Brief: Using the listing below, retype exactly the lines starting at the one with "Bicicleta pentru copii" and ending at the one with "Poster sur toile", and include both.

----- Exercise input

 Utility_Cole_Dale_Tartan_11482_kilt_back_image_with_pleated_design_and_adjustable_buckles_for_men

----------
----- Exercise input

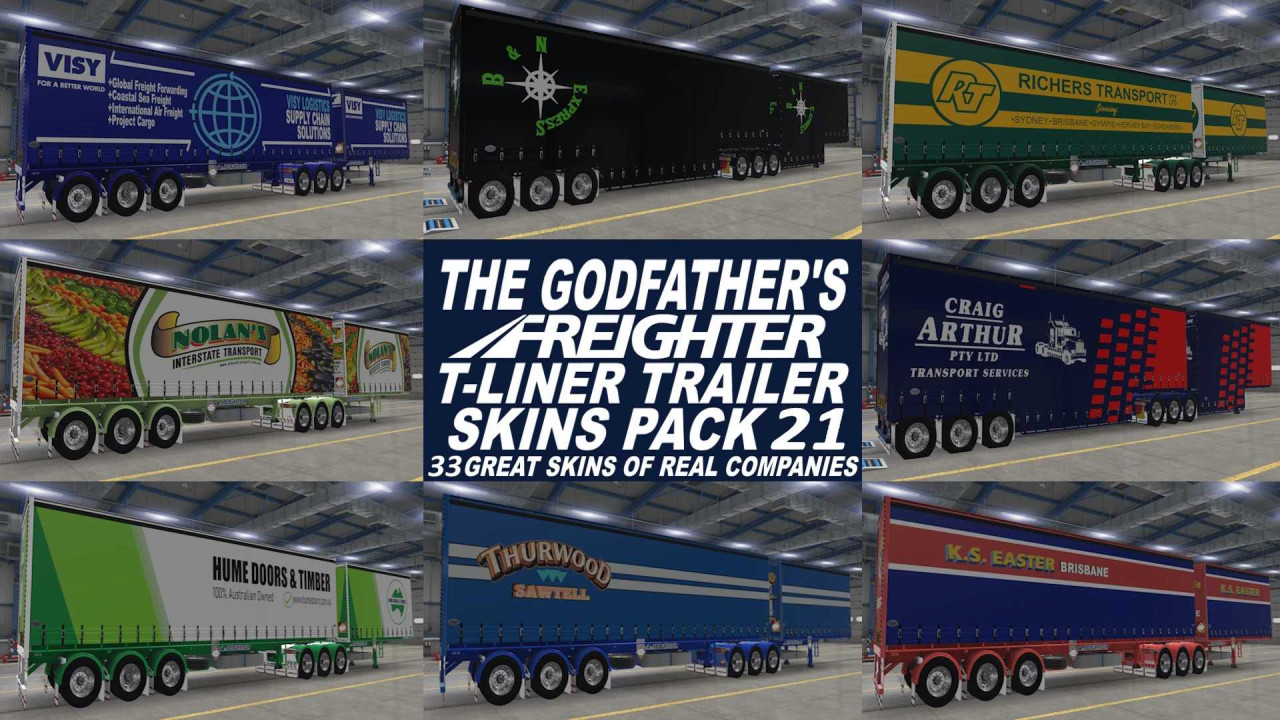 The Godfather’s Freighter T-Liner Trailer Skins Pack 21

----------
----- Exercise input

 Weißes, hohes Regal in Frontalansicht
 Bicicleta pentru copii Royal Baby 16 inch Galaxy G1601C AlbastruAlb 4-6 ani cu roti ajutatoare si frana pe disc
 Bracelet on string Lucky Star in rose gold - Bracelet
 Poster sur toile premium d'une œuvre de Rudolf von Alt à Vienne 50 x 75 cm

----------

Answer for this exercise:
 Bicicleta pentru copii Royal Baby 16 inch Galaxy G1601C AlbastruAlb 4-6 ani cu roti ajutatoare si frana pe disc
 Bracelet on string Lucky Star in rose gold - Bracelet
 Poster sur toile premium d'une œuvre de Rudolf von Alt à Vienne 50 x 75 cm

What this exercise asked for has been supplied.